Pädagogen sind unverbesserliche Weltverbesserer.
Die meisten jedenfalls. Das geht nur gut, wenn sie im Bildungsbetrieb an vorderster Front tätig sind. Als Vorgesetzte jedoch oder als Bildungspolitiker gereichen sie vielen, wenn nicht zum Schaden, so doch zum Ärgernis.

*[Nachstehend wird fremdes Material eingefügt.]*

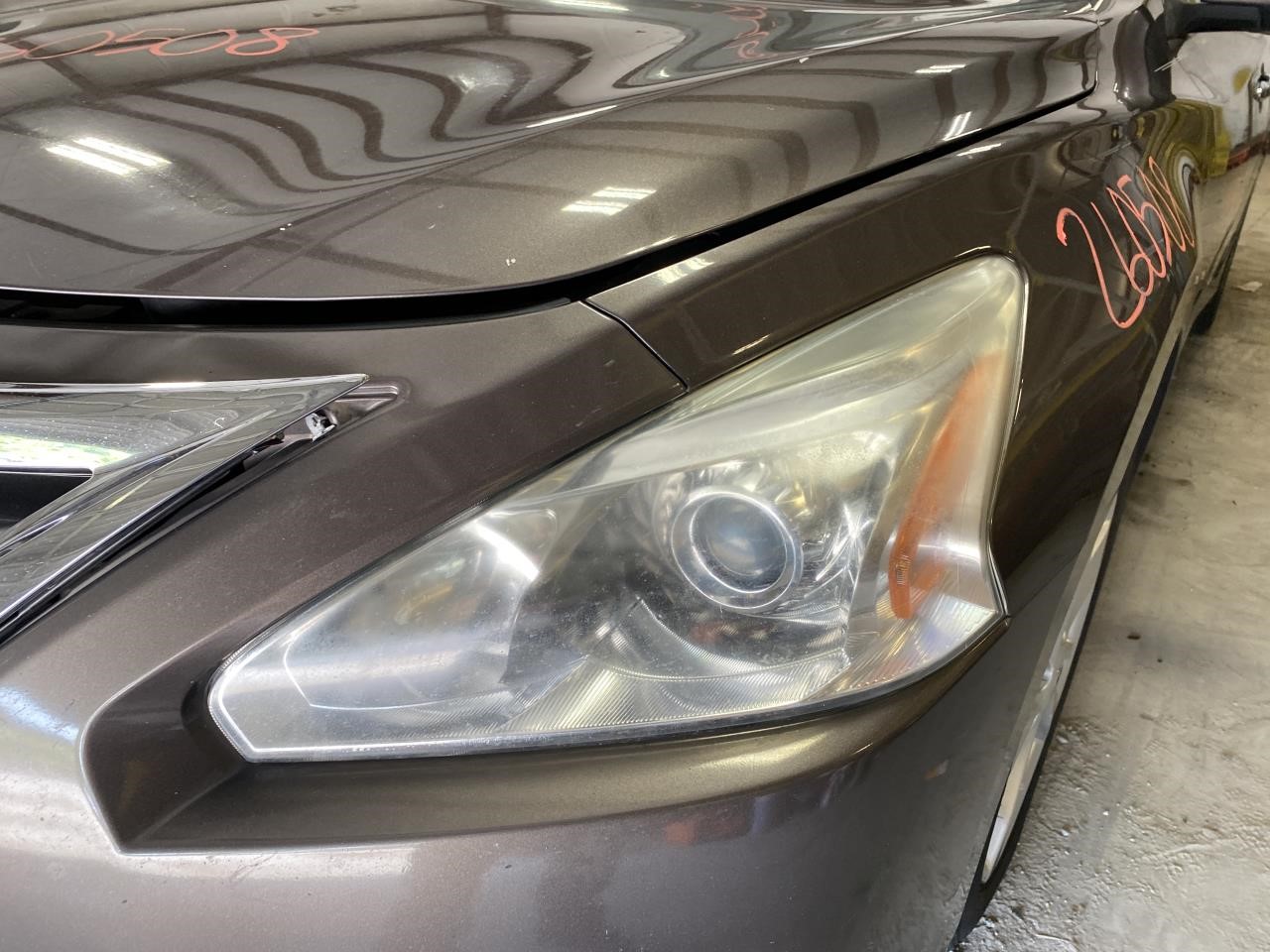 Vehicle/131037_08.jpg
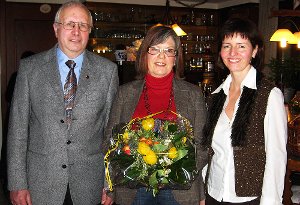 Angelika Brandt (rechts) löst Walter Dirie im Vorsitz des Gemischten Chores Winterlingen ab. Das Bild zeigt die Beiden mit Margret Mattmüller, die geehrt wurde. Foto: Klein Foto: Schwarzwälder-Bote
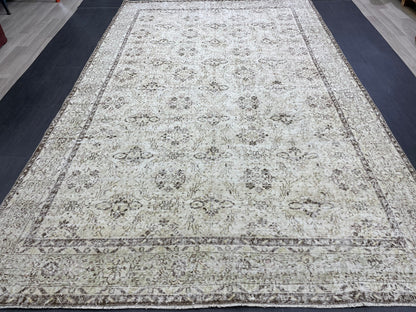 Hand Knotted Rug 6.7 x 10.5 TURKISH Rug Vintage Rug Oushak Rug Wool Distressed Rug Handmade Rugs Vintage Turkish Rug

Dazu ein Beispiel: Seit Langem gilt unternehmerisches Denken auch im Bildungsbetrieb. Das nehmen Pädagogen ernst. Und sei es auch nur, damit sie das gängige Vorurteil vom weichherzig umsichtigen Reformer widerlegen. Unter anderem hat man von Firmen gelernt, wie man Mitarbeiter qualifiziert. Pädagogen, sofern sie Vorgesetzte sind, nutzen gewissenhaft die entsprechenden Instrumente. Sie vergleichen Fremd- und Selbsteinschätzung, wobei sie den Mitarbeiter zuerst sich äussern lassen, wie es sich gehört, damit, sofern nötig, in aller Deutlichkeit zutage tritt, ob die Person im Betrieb zweckmässig arbeitet. Dann werden genau drei Massnahmen zur Verbesserung festgelegt, sowie das weitere Vorgehen bei einer allfälligen Abweichung und freilich den Zeitpunkt der nächsten Überprüfung.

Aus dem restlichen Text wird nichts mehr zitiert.